PROBLEM:
Give an exact reproduction of the lines from the one with "12112 Ledbury Commons" to the final line of the entries below, both ends included, and omit the pictures.

━━━━━━━━━━━━━━━━

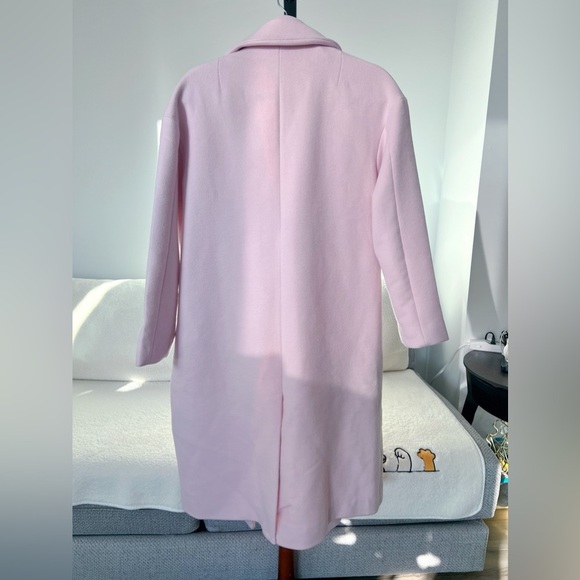 Elegant Pink Wool Coat with Mulberry Silk Lining Timeless Luxurious Design Dior - Picture 4 of 9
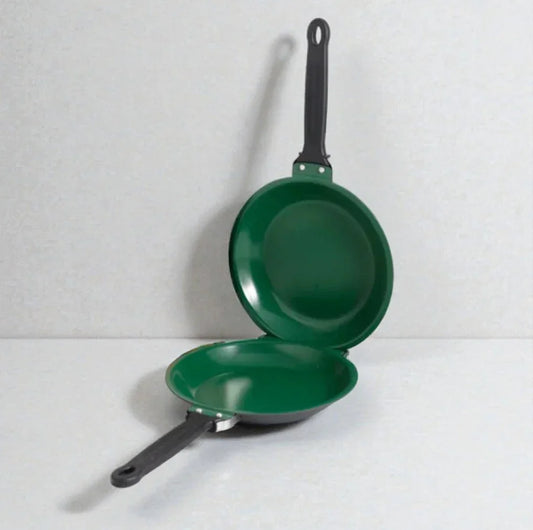 Poêle double verte SkyGrip avec poignées noires sur fond blanc, ustensile de cuisine moderne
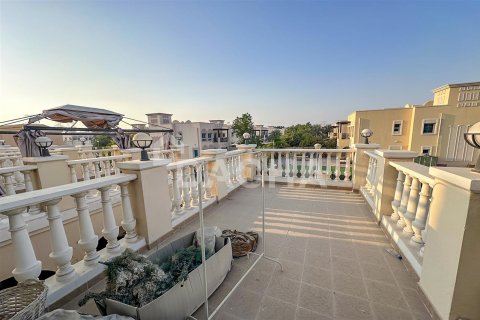 Villa in Jumeirah Village Triangle, Dubai 10 bedrooms, 152 sq.m. № 7078 - photo 21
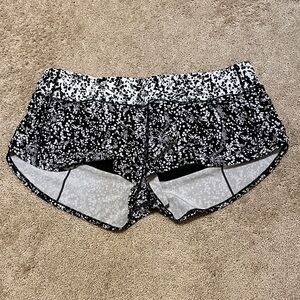 Women's Athletic Black and White Speckled Shorts - lululemon sz 12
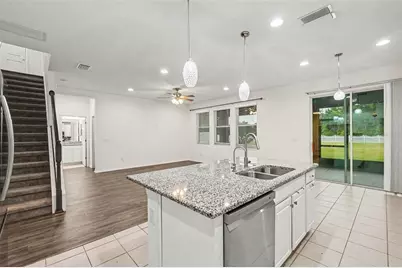 12112 Ledbury Commons Drive, Gibsonton, FL 33534 - Photo 5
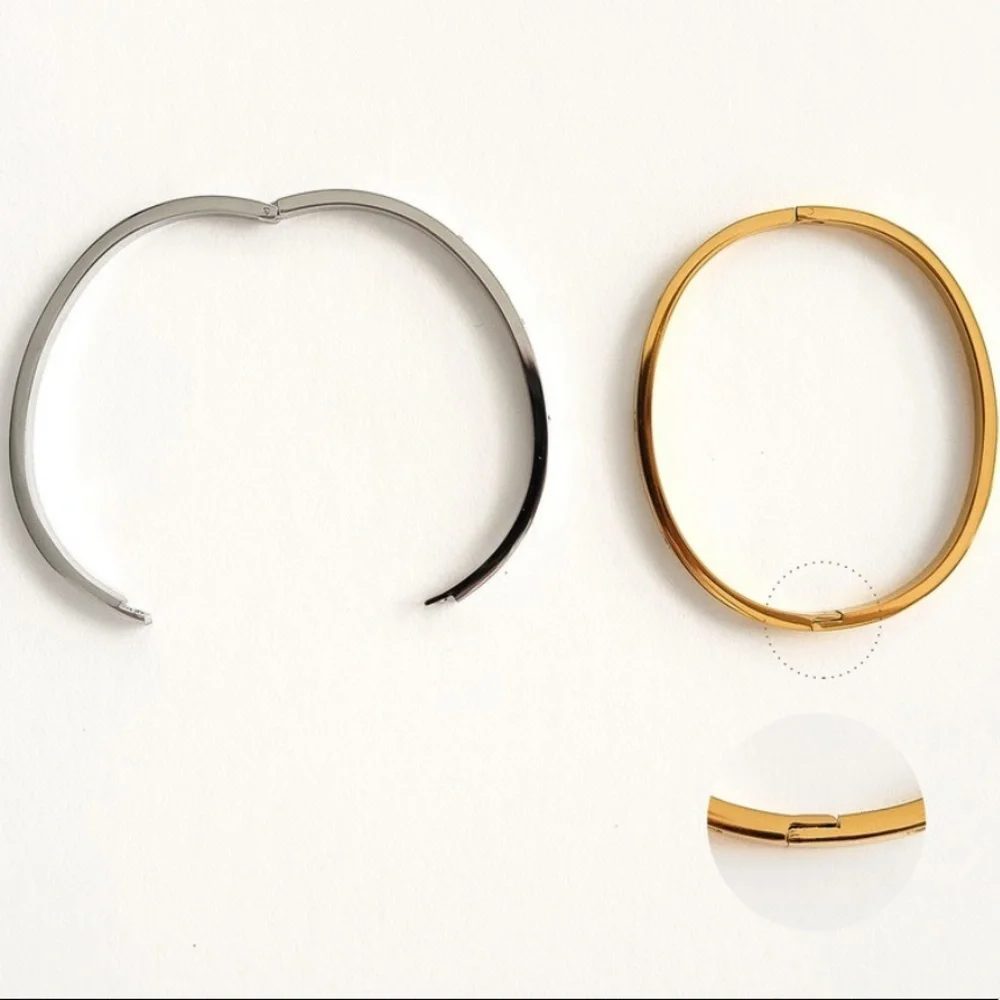 Zirconia Bangle Bracelet | Gold Plated Stainless Steel ( Rose Gold , Gold) - Picture 5 of 7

━━━━━━━━━━━━━━━━

TASK RESPONSE:
 12112 Ledbury Commons Drive, Gibsonton, FL 33534 - Photo 5
 Zirconia Bangle Bracelet | Gold Plated Stainless Steel ( Rose Gold , Gold) - Picture 5 of 7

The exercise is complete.